PROBLEM TO WORK ON ▸ Here is a listing. Write it all out again exactly, but not its pictures.

RAW DATA ▸

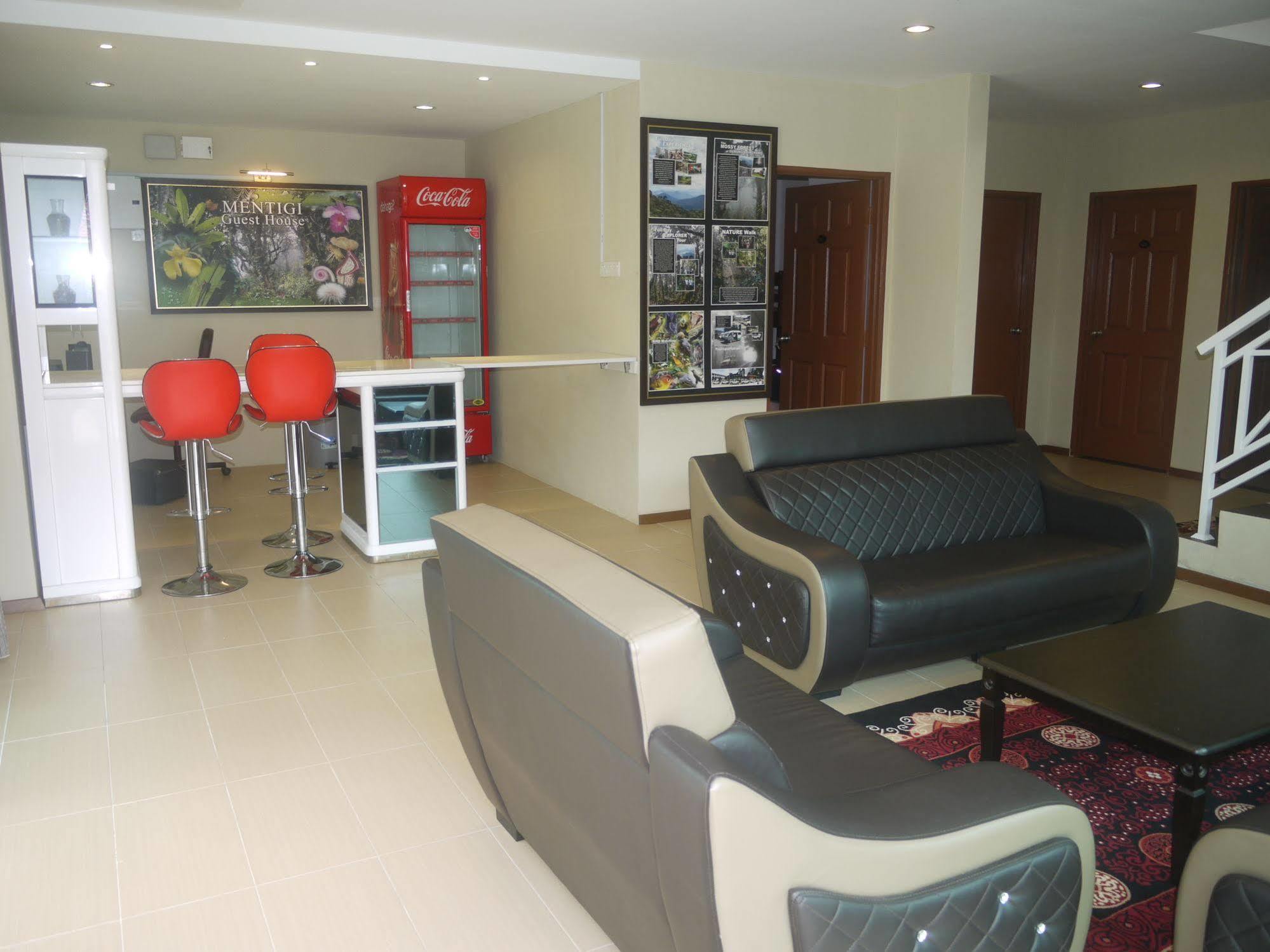 Rovers Inn Cameron Highlands Esterno foto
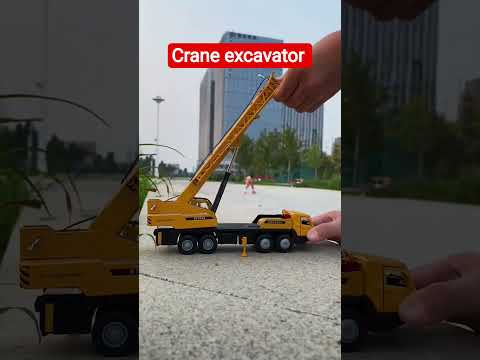 A genius Chinese engineer makes scale model crane rescue truck #robotrucks #crane #minicrane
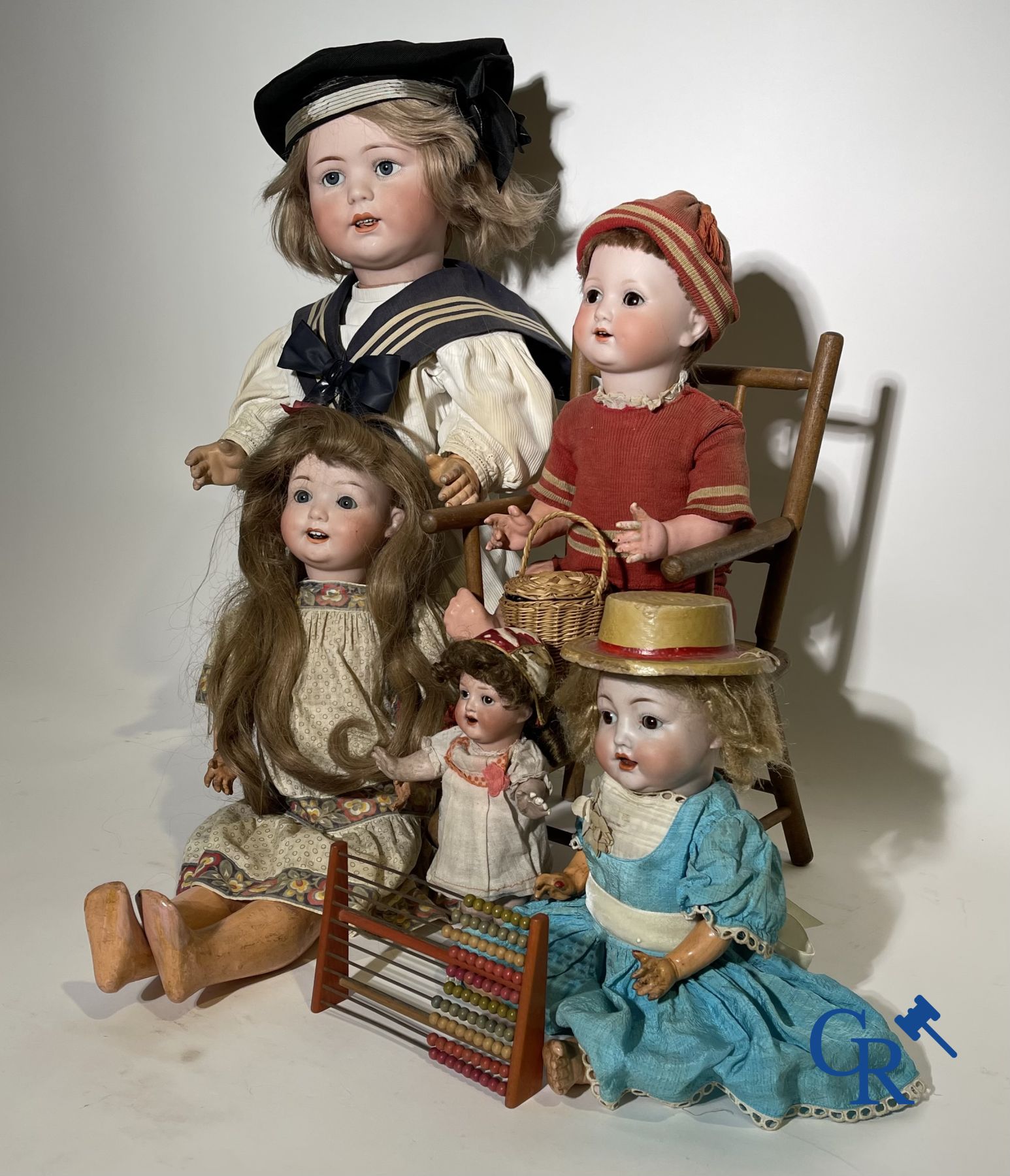 Toys: antique dolls: 5 German character dolls with porcelain head.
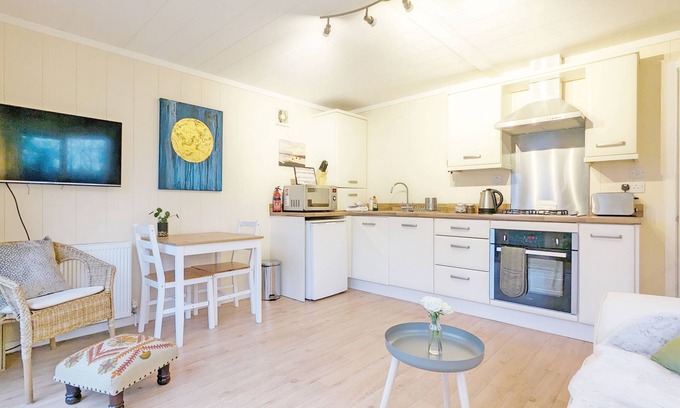 Chichester Cottage | Elm Lodge - a lodge/cabin that sleeps 3 guests in 1 bedroom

REPLY ▸
 Rovers Inn Cameron Highlands Esterno foto
 A genius Chinese engineer makes scale model crane rescue truck #robotrucks #crane #minicrane
 Toys: antique dolls: 5 German character dolls with porcelain head.
 Chichester Cottage | Elm Lodge - a lodge/cabin that sleeps 3 guests in 1 bedroom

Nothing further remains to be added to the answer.